=== WHAT TO WORK ON ===
The answer must be an exact reprint of the lines from the one with "ferris wheels slow exposure" through the final line of the data, with no pictures included.

=== THE INPUT ===
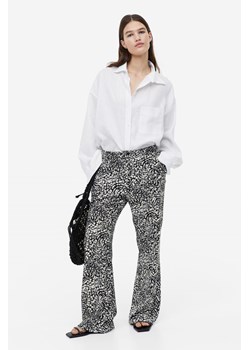 H & M - Rozszerzane spodnie - Czarny ze sklepu H&M w kategorii Spodnie damskie - zdjęcie 169679122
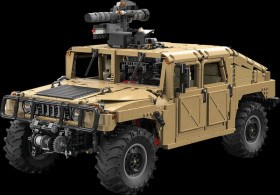 402892 CaDA Humvee 1:8 brown bricks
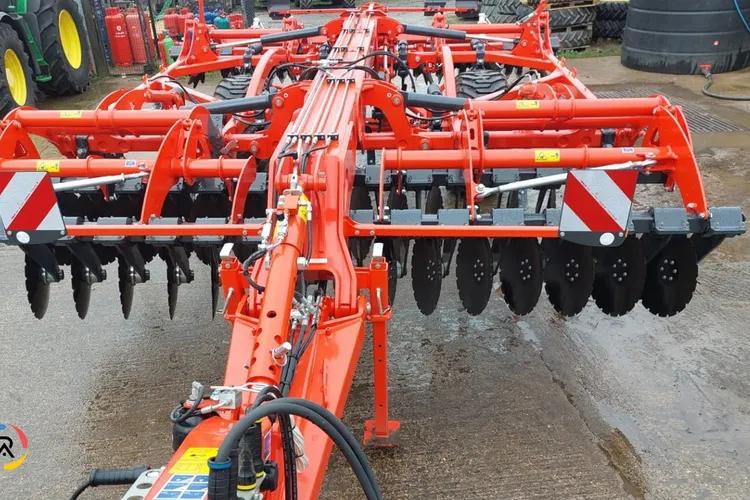 Kuhn expands Performer Select cultivator range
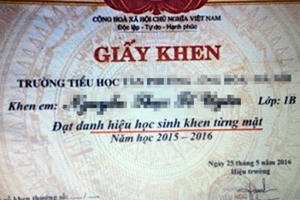 Phụ huynh “vắt óc” nghĩ lời nhận xét lạ trên giấy khen của con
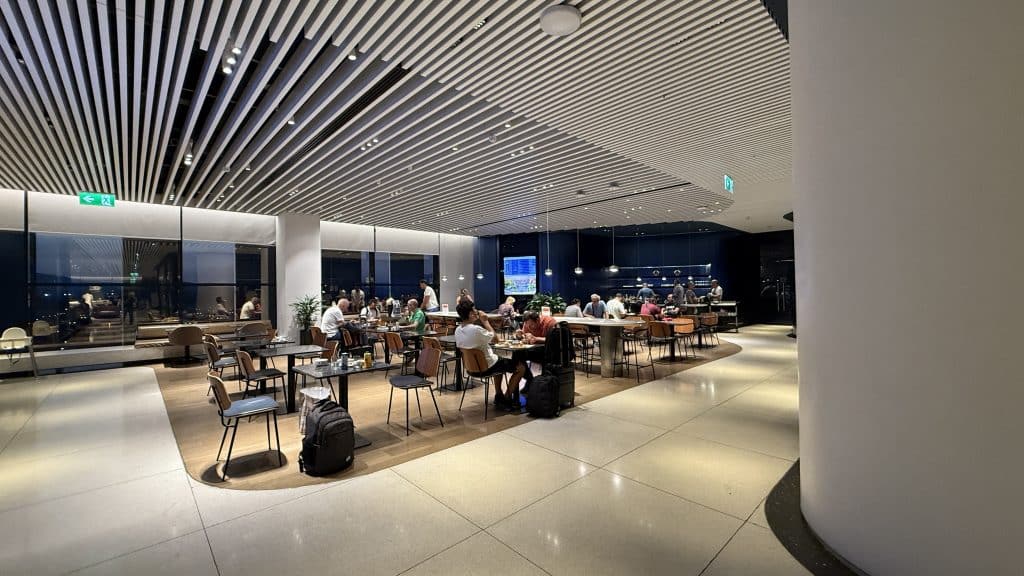 Aegean Business Lounge Non Schengen Athen Essbereich 2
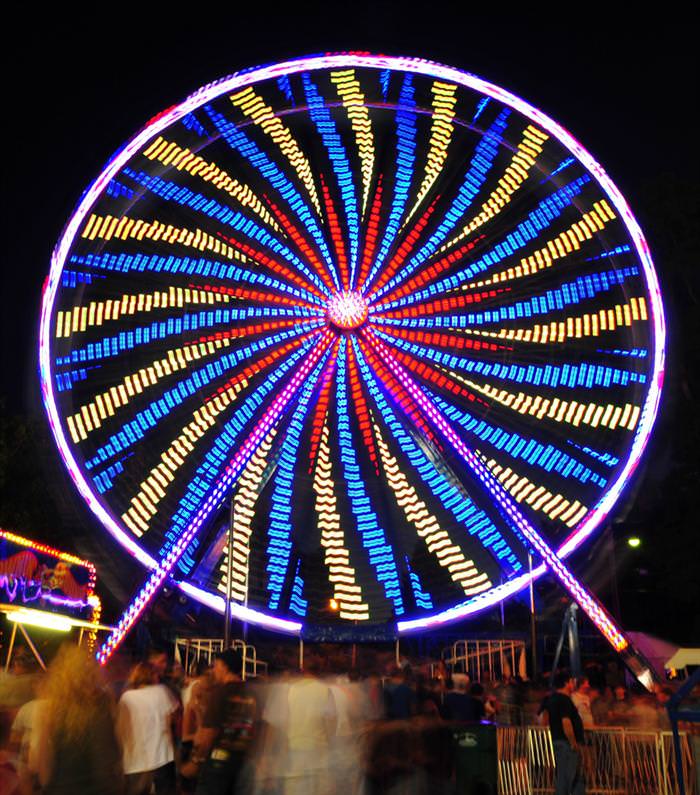 ferris wheels slow exposure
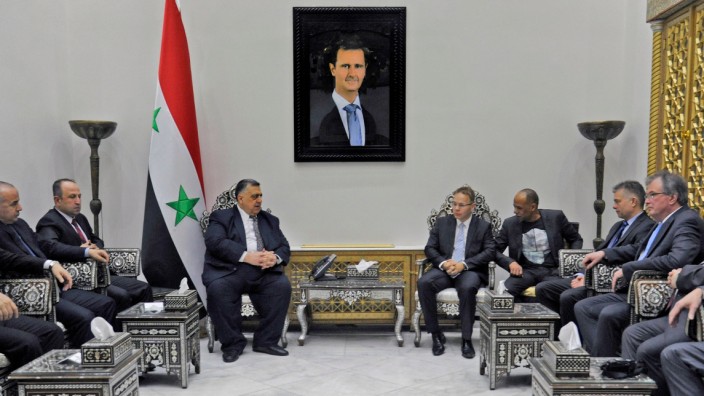 AfD-Politiker besuchen in Syrien den Parlamentspräsidenten Hammoudeh Sabbagh.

=== SOLUTION TO THIS TASK ===
 ferris wheels slow exposure
 AfD-Politiker besuchen in Syrien den Parlamentspräsidenten Hammoudeh Sabbagh.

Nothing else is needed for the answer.